### PROBLEM
Within the entries below, find the portion that opens with the line containing "Kitten Handbag Clips 2-pieces Set" and closes with the line containing "de mi padre". Retype that portion exactly and only.

### INPUT DATA
= = = =
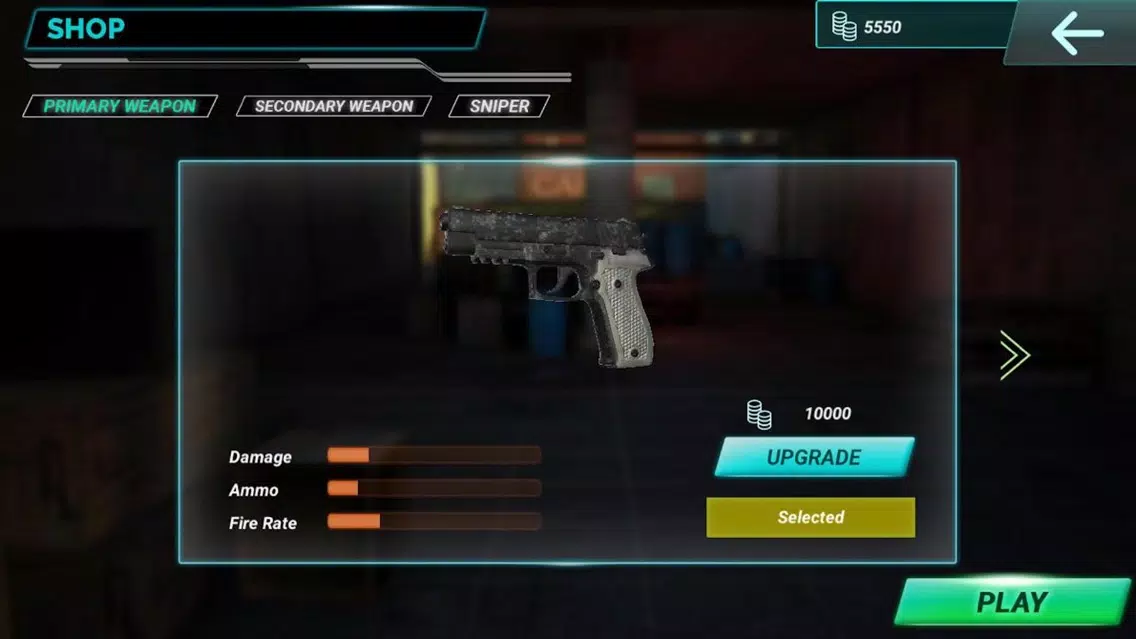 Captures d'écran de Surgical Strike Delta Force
= = = =
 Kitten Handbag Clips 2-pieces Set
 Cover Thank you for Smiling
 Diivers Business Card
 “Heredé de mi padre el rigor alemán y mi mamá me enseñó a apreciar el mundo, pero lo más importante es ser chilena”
= = = =
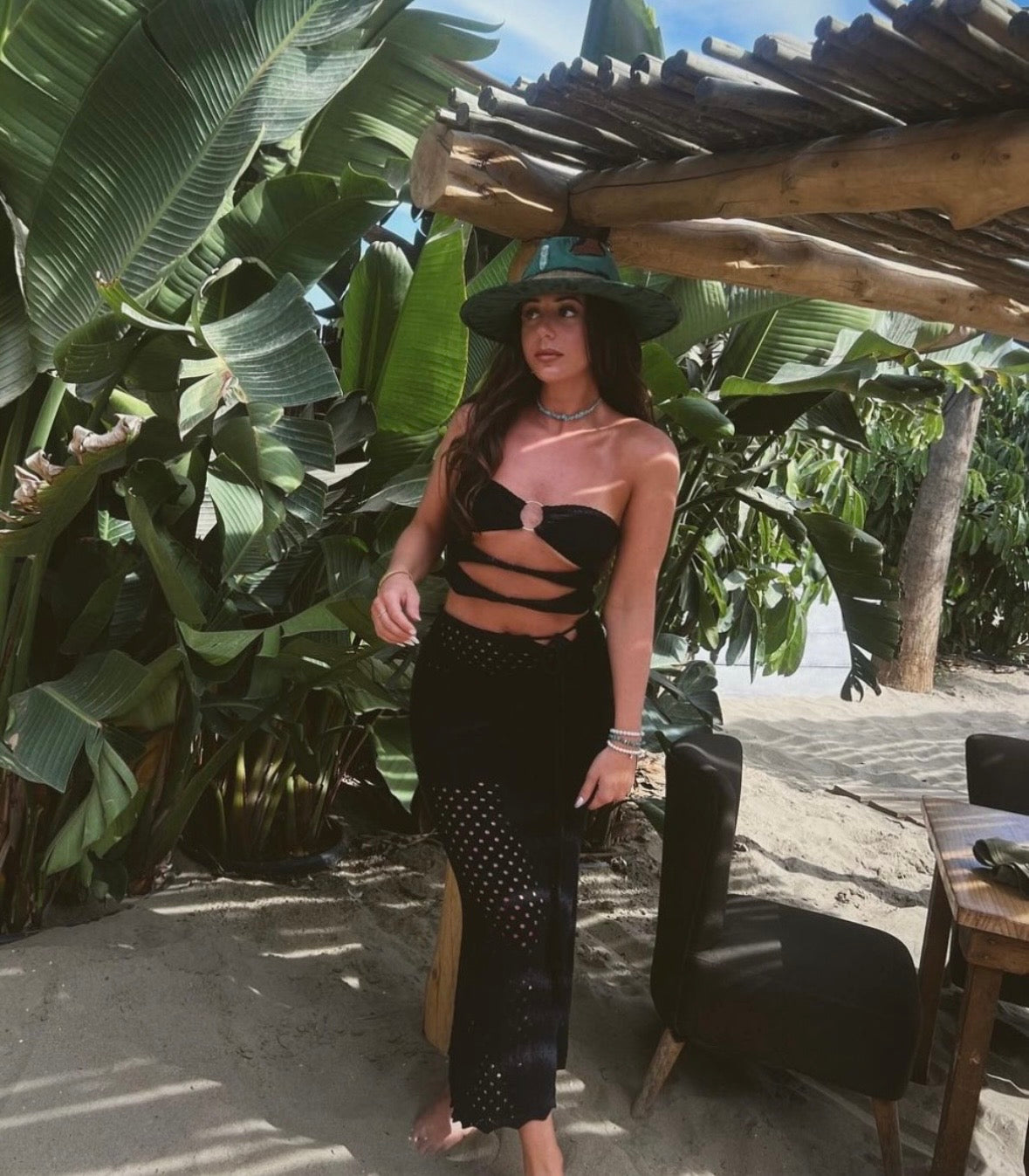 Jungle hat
= = = =
### FINISHED TASK
 Kitten Handbag Clips 2-pieces Set
 Cover Thank you for Smiling
 Diivers Business Card
 “Heredé de mi padre el rigor alemán y mi mamá me enseñó a apreciar el mundo, pero lo más importante es ser chilena”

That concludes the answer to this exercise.